The Internet has given us access to everything but taken away the last vestiges of the exotic
[12]. The Internet has given us access to every weird thing in the world while simultaneously taking away the last vestiges of the “exotic.” You can see pictures of a manatee smoking a cigarette, but you can’t say “far Timbuktu” when you have a Flickr photoset about Timbuktu saved on Pinterest.
[13]. Most of us will, of course, still never get close to the real Timbuktu in our lives.
[14]. One consequence of this is the tone of burned-out overstimulation that, for no particular reason, I’ve taken to calling “whaff.” Whaff, in its simplest form, is semi-sarcastic exaggerated praise for the bizarre, the cute, or the stupid. If you’re on Twitter, chances are you’ve encountered whaff within the last 10 seconds. “OMG THIS IS THE GREATEST THING EVAR,” followed by a link to an animated GIF of a baby owl falling into a hot tub, is the elemental template of whaff.
[15]. Whaff is never, however, entirely sarcastic. The attitude it projects is somehow both despairing and celebratory, without really occupying any of the middle ground between those two extremes.
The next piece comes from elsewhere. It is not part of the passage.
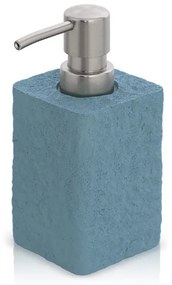 Dispenser sapone da appoggio turchese cobalto in resina effetto pietra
Whaff is nihilistic (because the world is so arbitrary and nonsensical) but also full of wonder (because the world is so huge and surprising and strange). At the same time, whaff is always both self-mocking (since you’re admitting that you actually like reading fanfic about Stan Van Gundy’s sweater collection) and self-congratulatory (since you’re smart and interesting enough to have undertaken the online odyssey that led you through the emotional arctic of the various fuckyeah Tumblrs to Stan Van Gundy fanfic in the first place).
[16]. Whaff is the tone of explorers who have been given more maps than they could ever use and who never have to leave their own rooms.
This is an extremely generative and useful set of ideas.